Friday, July 20, 2012

What did I miss about modern Linux?

After running Windows alone for a couple of years, I had to install a Linux distro yesterday since the CUDA API in Windows is pretty ridiculous, flat out refusing to work with MinGW (the Windows port of gcc/g++ and pals).

Although I wasted a lot of time trying to get my dumb Medion PC (MS-7358 mainboard) to boot from two different USB keys, eventually a blank CD turned up and Ubuntu 12.04 landed on it. The install was quick, and this time (unlike on the old Acer laptop my kid uses) the Nvidia card was supported better, giving a usable display.

I needed to install some tools first before getting the CUDA API/SDK/drivers on Ubuntu:
The following NEW packages will be installed:
  build-essential dpkg-dev freeglut3-dev g++ g++-4.6 libalgorithm-diff-perl
  libalgorithm-diff-xs-perl libalgorithm-merge-perl libdpkg-perl libdrm-dev
  libgl1-mesa-dev libglu1-mesa-dev libice-dev libkms1 libpthread-stubs0
  libpthread-stubs0-dev libsm-dev libstdc++6-4.6-dev libtimedate-perl
  libx11-dev libx11-doc libxau-dev libxcb1-dev libxdmcp-dev libxext-dev
  libxi-dev libxmu-dev libxmu-headers libxt-dev mesa-common-dev
  x11proto-core-dev x11proto-input-dev x11proto-kb-dev x11proto-xext-dev
  xorg-sgml-doctools xtrans-dev
0 upgraded, 36 newly installed, 0 to remove and 0 not upgraded.
Need to get 15.3 MB of archives.
...
Fetched 15.3 MB in 3s (3,835 kB/s)
...
Setting up build-essential (11.5ubuntu2) ...
Processing triggers for libc-bin ...
ldconfig deferred processing now taking place
$
Now I really wish I'd prefixed this with the "time" command, because it took far less than a minute - maybe 15 to 30 seconds to install all of this... the C++ compiler, X11 libraries and a bunch of other stuff.

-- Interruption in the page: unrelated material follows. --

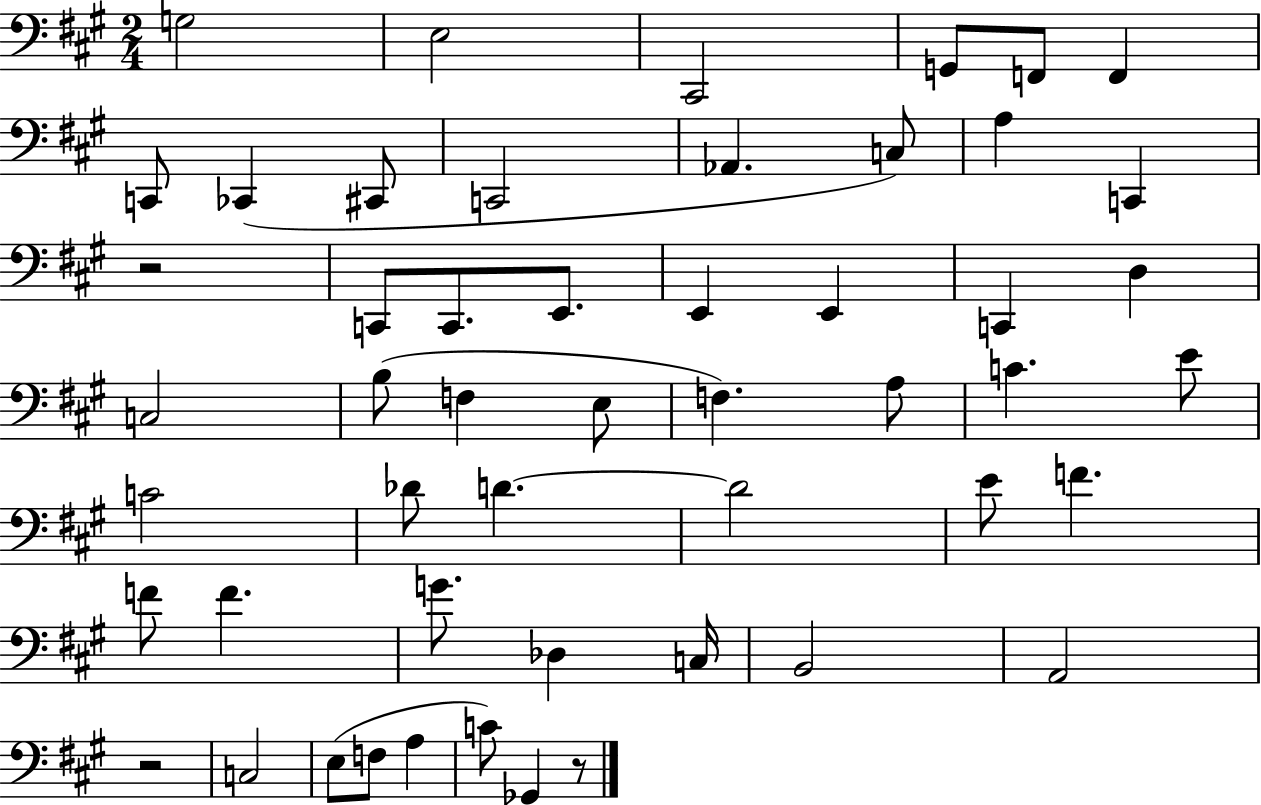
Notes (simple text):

G3/h E3/h C#2/h G2/e F2/e F2/q C2/e CES2/q C#2/e C2/h Ab2/q. C3/e A3/q C2/q R/h C2/e C2/e. E2/e. E2/q E2/q C2/q D3/q C3/h B3/e F3/q E3/e F3/q. A3/e C4/q. E4/e C4/h Db4/e D4/q. D4/h E4/e F4/q. F4/e F4/q. G4/e. Db3/q C3/s B2/h A2/h R/h C3/h E3/e F3/e A3/q C4/e Gb2/q R/e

In contrast, it took a good 5 minutes just to install Visual Studio 2010 on my Windows 7 laptop (a 64-bit box with a better CPU than this desktop) and the library problems cost me a couple of hours of headbanging which was never resolved.

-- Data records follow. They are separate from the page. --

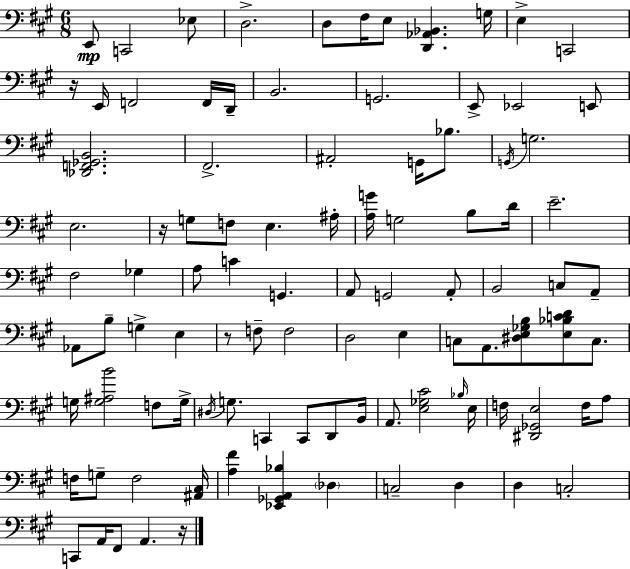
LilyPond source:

{
  \clef bass
  \numericTimeSignature
  \time 6/8
  \key a \major
  \repeat volta 2 { e,8\mp c,2 ees8 | d2.-> | d8 fis16 e8 <d, aes, bes,>4. g16 | e4-> c,2 | \break r16 e,16 f,2 f,16 d,16-- | b,2. | g,2. | e,8-> ees,2 e,8 | \break <des, f, ges, b,>2. | fis,2.-> | ais,2-. g,16 bes8. | \acciaccatura { g,16 } g2. | \break e2. | r16 g8 f8 e4. | ais16-. <a g'>16 g2 b8 | d'16 e'2.-- | \break fis2 ges4 | a8 c'4 g,4. | a,8 g,2 a,8-. | b,2 c8 a,8-- | \break aes,8 b8-- g4-> e4 | r8 f8-- f2 | d2 e4 | c8 a,8. <dis e ges b>8 <e bes c' d'>8 c8. | \break g16 <g ais b'>2 f8 | g16-> \acciaccatura { dis16 } g8. c,4 c,8 d,8 | b,16 a,8. <e ges cis'>2 | \grace { bes16 } e16 f16 <dis, ges, e>2 | \break f16 a8 f16 g8-- f2 | <ais, cis>16 <a fis'>4 <ees, ges, a, bes>4 \parenthesize des4 | c2-- d4 | d4 c2-. | \break c,8 a,16 fis,8 a,4. | r16 } \bar "|."
}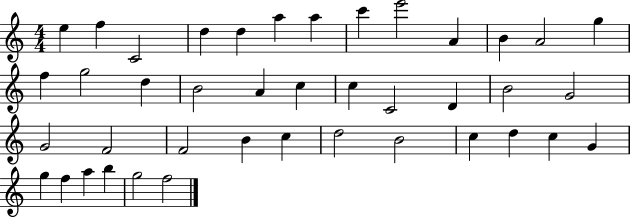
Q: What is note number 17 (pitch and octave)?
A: B4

There are still serious driver problems in Linux, but the whole experience has improved so much since I started with a Red Hat install back in 1998.
Being able to install any number of programs and libraries rapidly, with a single command, is so much more relaxing than trying to hack things together in Windows. Try it!